Bloodshed. Hand-to-hand righting in crowded streets. Helicopter-borne police reinforcements swooping down into black ghettos. There were all the signs of another racial conflict in the black townships of white-ruled South Africa last week—all, that is, except one. This time blacks were fighting blacks, not whites, in an outburst of violence over the Christmas holidays that left at least 26 dead in three ghettoized Cape Town suburbs: Langa, Guguletu and Nyanga.

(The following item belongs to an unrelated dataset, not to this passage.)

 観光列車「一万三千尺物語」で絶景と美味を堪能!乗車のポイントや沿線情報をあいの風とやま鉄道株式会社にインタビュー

The cause of the black-on-black mayhem was a drive by young black students to expand further the power they have wielded in the ghettos since last June, when the bloodiest racial demonstrations in South African history shook the country. Back then it was Soweto, the huge (pop. 1.2 million), black suburb of Johannesburg, that erupted. The violence there, touched off by black anger over the forced use of the whites' Afrikaans language in black school instruction, spread rapidly. Since then, effective political power in Soweto, as well as some other black enclaves, has migrated to an underground organization of several hundred young blacks, known as the Soweto Students Representative Council (SSRC). Last month the SSRC declared a ban on all Christmas celebrations to commemorate those who died in June. When student colleagues in Cape Town tried to emulate the SSRC by demanding a boycott of Christmas holiday work, their efforts met with stiff resistance from migrant workers and led to the latest fratricidal violence.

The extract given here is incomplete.